Businesses have leaned more on staff augmentation, temporary staffing and specialist contractors to keep projects moving and cover skills gaps, but what hasn’t kept pace everywhere is how these workforces are managed. As external hiring expands, many find that workforce visibility, consistency, risk, and control become more challenging. Tracking costs becomes increasingly difficult, and different teams often interpret regulations in their own way, which means risk can build quietly in the background.

Research by the Economist Impact shows just how quickly reliance on external workers has risen, with usage climbing from around half of businesses in 2022 to well over 90% a year later, making contingent labour far more central than it used to be.

At this point, the question isn’t really whether organisations should use an external workforce. It’s about whether your contingent workforce management model gives you the visibility and control to manage costs, compliance, and quality today, and to build talent pipelines that still work in two years’ time.

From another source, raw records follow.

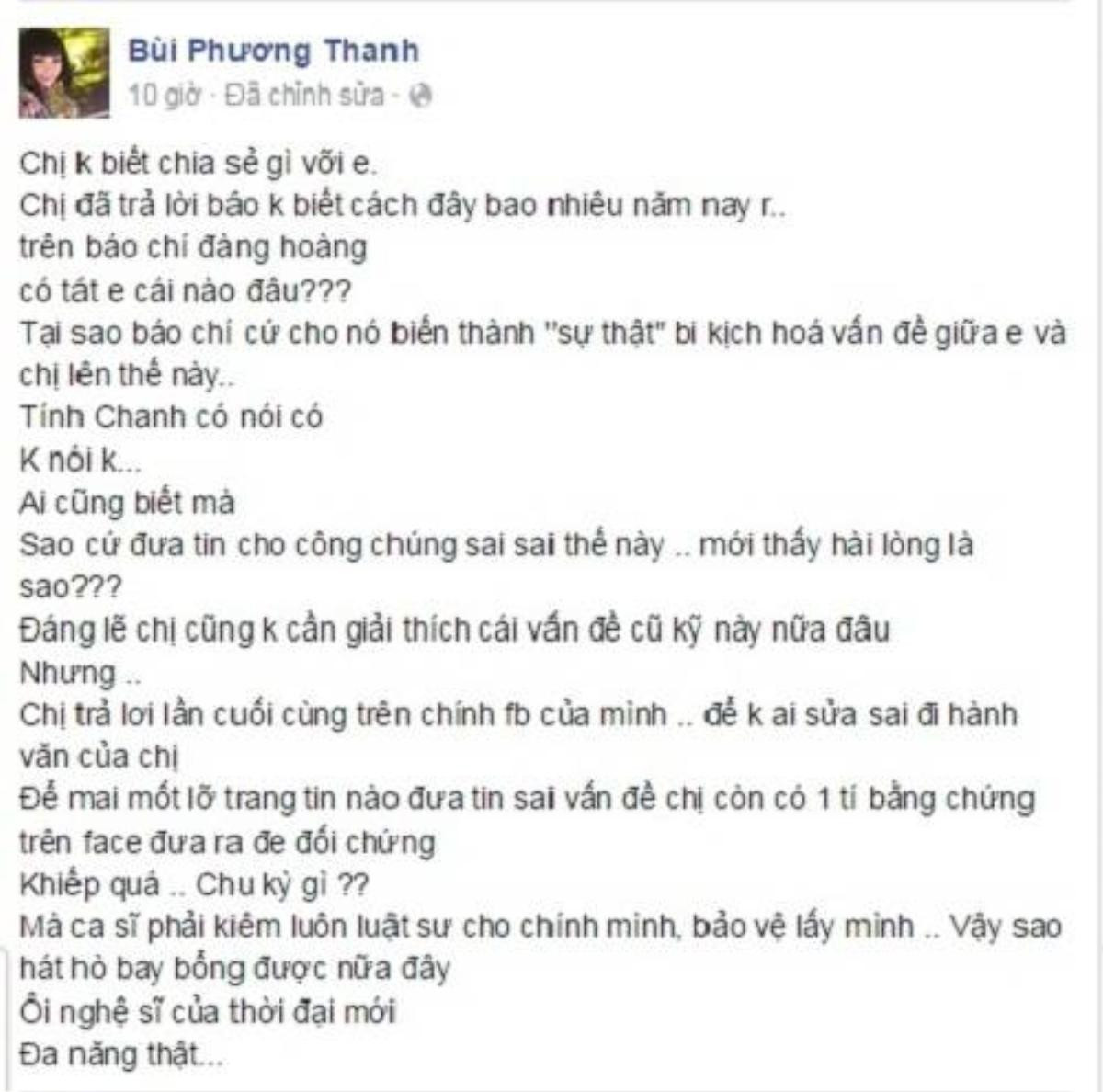 Dòng chia sẻ của Phương Thanh trên Facebook nhận được sự quan tâm của nhiều người.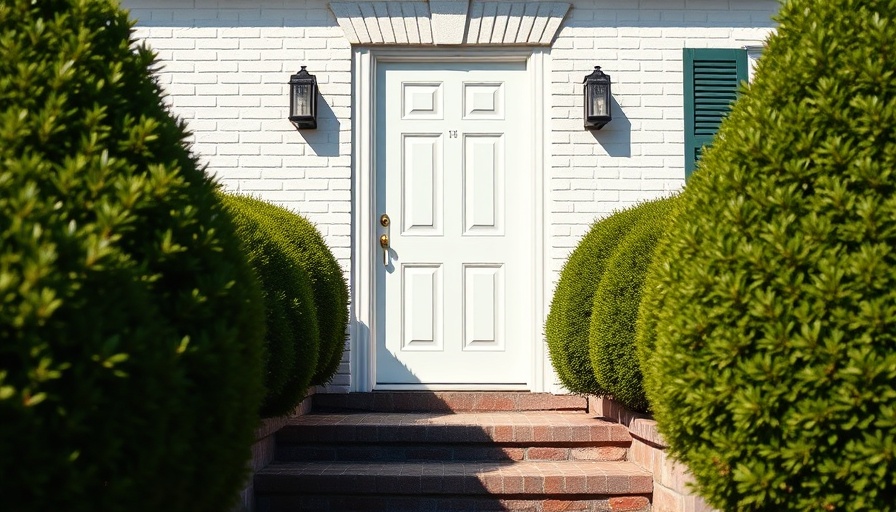 Well-insulated storm door with shrubs and white brick exterior.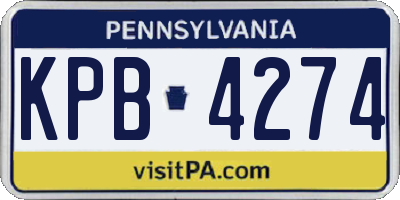 PA license plate KPB4274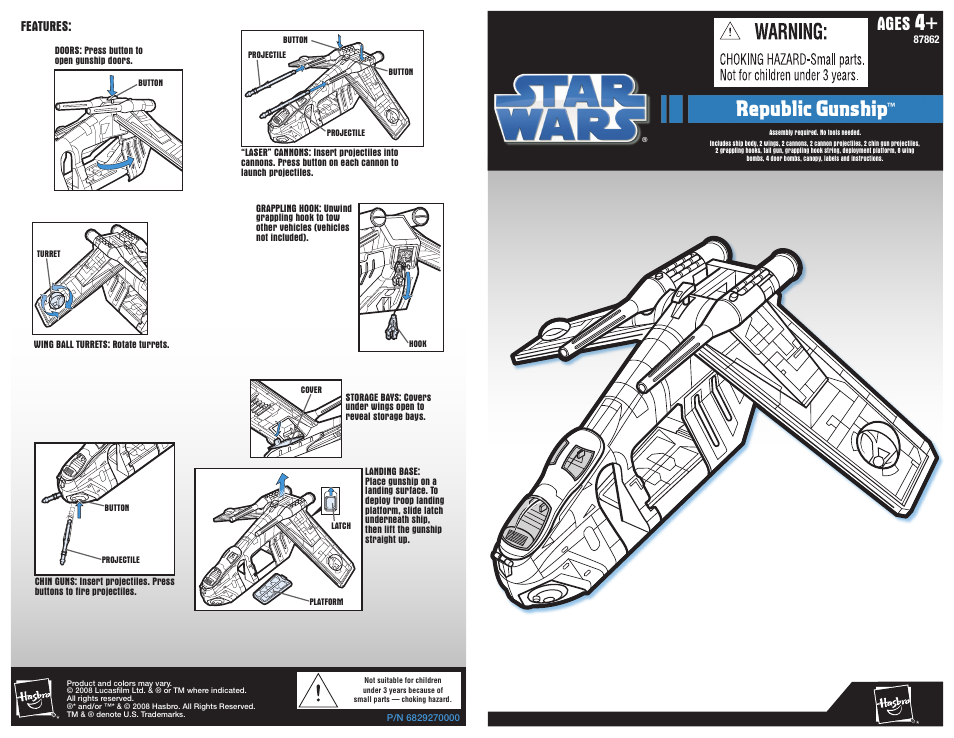 Hasbro Star Wars Republic Gunship 87862 User Manual | 2 pages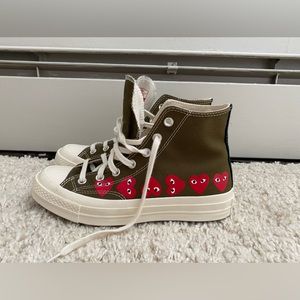 COMME DES GARÇONS PLAY
Khaki Converse Edition Hearts Chuck 70 High Sneakers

Here are the top 5 challenges:

1. Limited visibility of contingent workforce spend and deployment

One of the biggest issues isn’t overspend itself, it’s simply not being able to see where the money is going: who is being paid, for what kind of work, and through which channel. Different teams, such as procurement and HR, often bring contractors in through their own processes, which means the data ends up scattered, and no one has a clear overall picture. 

Because of this, it’s common for senior stakeholders to struggle to answer straightforward questions with confidence:

  • How many contingent workers are engaged globally?
  • Where are they deployed, and for what type of work?
  • Are we paying consistent rates across regions, suppliers, or roles?

This lack of visibility has become a priority for senior leaders, with 69% naming it as something they want to get on top of in the next few years, and for good reason. Without a consolidated view, even basic benchmarking and forecasting can become unreliable.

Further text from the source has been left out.